BP PLC (LSE: BP.) has reported an increase in first-quarter profit, reflecting strong oil and gas trading. The oil major stated that its underlying replacement cost profit for the first three months of 2023 was US$4.96bn, up from US$4.81bn in the previous quarter but lower than the US$6.25bn reported in the first quarter of 2022.
This result surpassed analysts’ expectations of approximately US$4.3bn.
BP attributed the results to a strong oil trading result, an exceptional gas marketing and trading outcome, and a lower level of refinery turnaround activity, offset by lower refining margins and liquids and gas realisations.
The FTSE 100-listed firm announced that it plans to return US$1.75bn to shareholders and expects to deliver share buybacks of around US$4.0bn per year, with a capacity for an annual increase in the dividend per ordinary share of approximately 4%. The company expects capital expenditure, including inorganic capital expenditure, of US$16-18bn in 2023.
In the first quarter, operating cash flow was US$7.6bn, including a working capital build of US$1.4bn, while capital expenditure was US$3.6bn. BP’s quarterly dividend remained unchanged from the previous quarter at 6.61 cents but increased from 5.46 cents the previous year.

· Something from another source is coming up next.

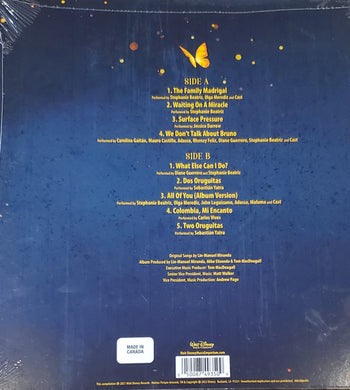 Encanto Highlights - Original Cast Recording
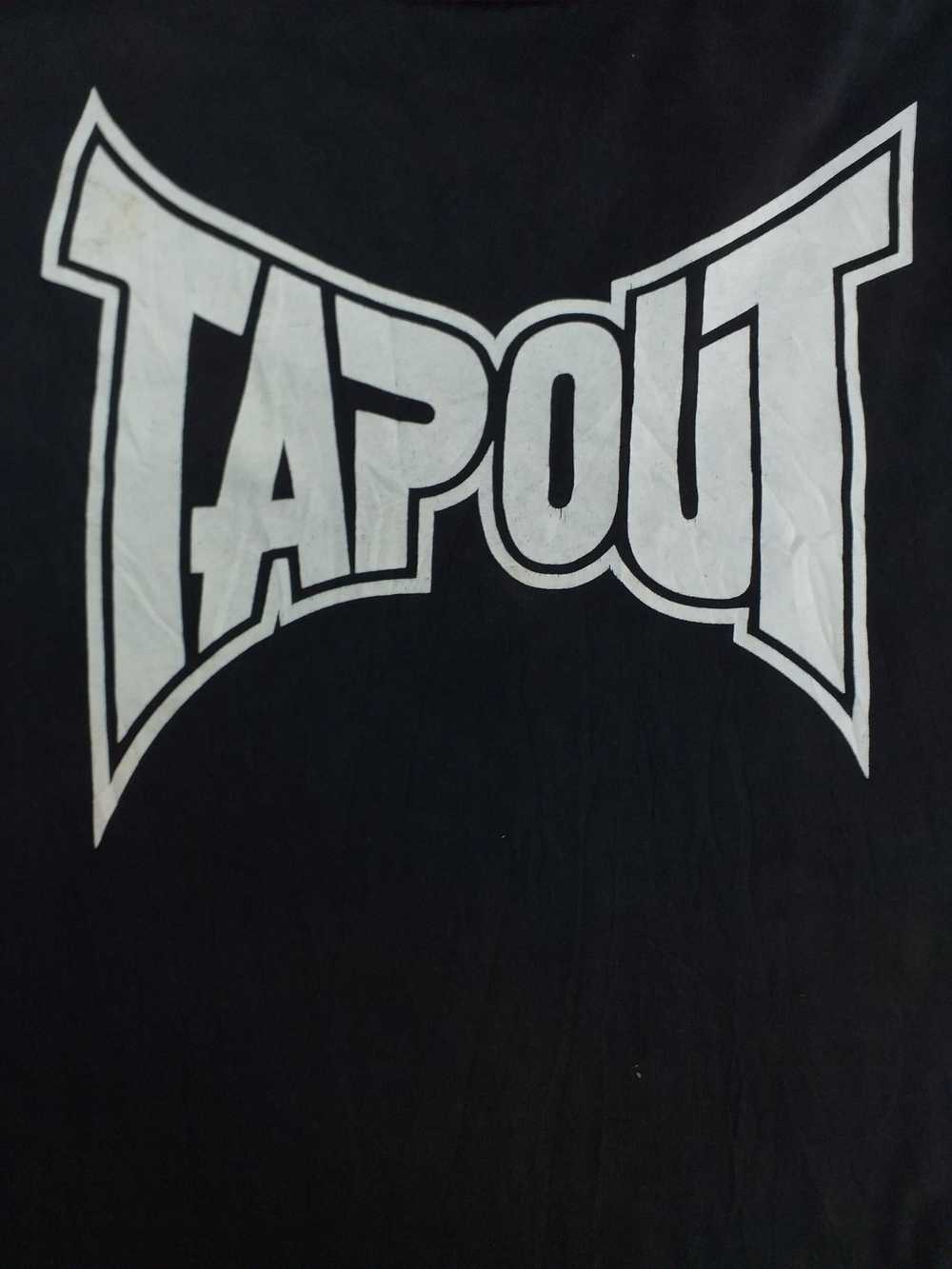 Japanese Brand × Rap Tees × Vintage Vintage Tapou… - image 4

Bernard Looney, BP’s chief executive, said the company’s focus remains on safe and reliable operations, which contributed to its strong performance and strategic delivery in the first quarter. The company anticipates oil prices to remain elevated in the second quarter due to OPEC+’s recent decision to restrict production and a strengthening Chinese demand, tightening supply/demand balances.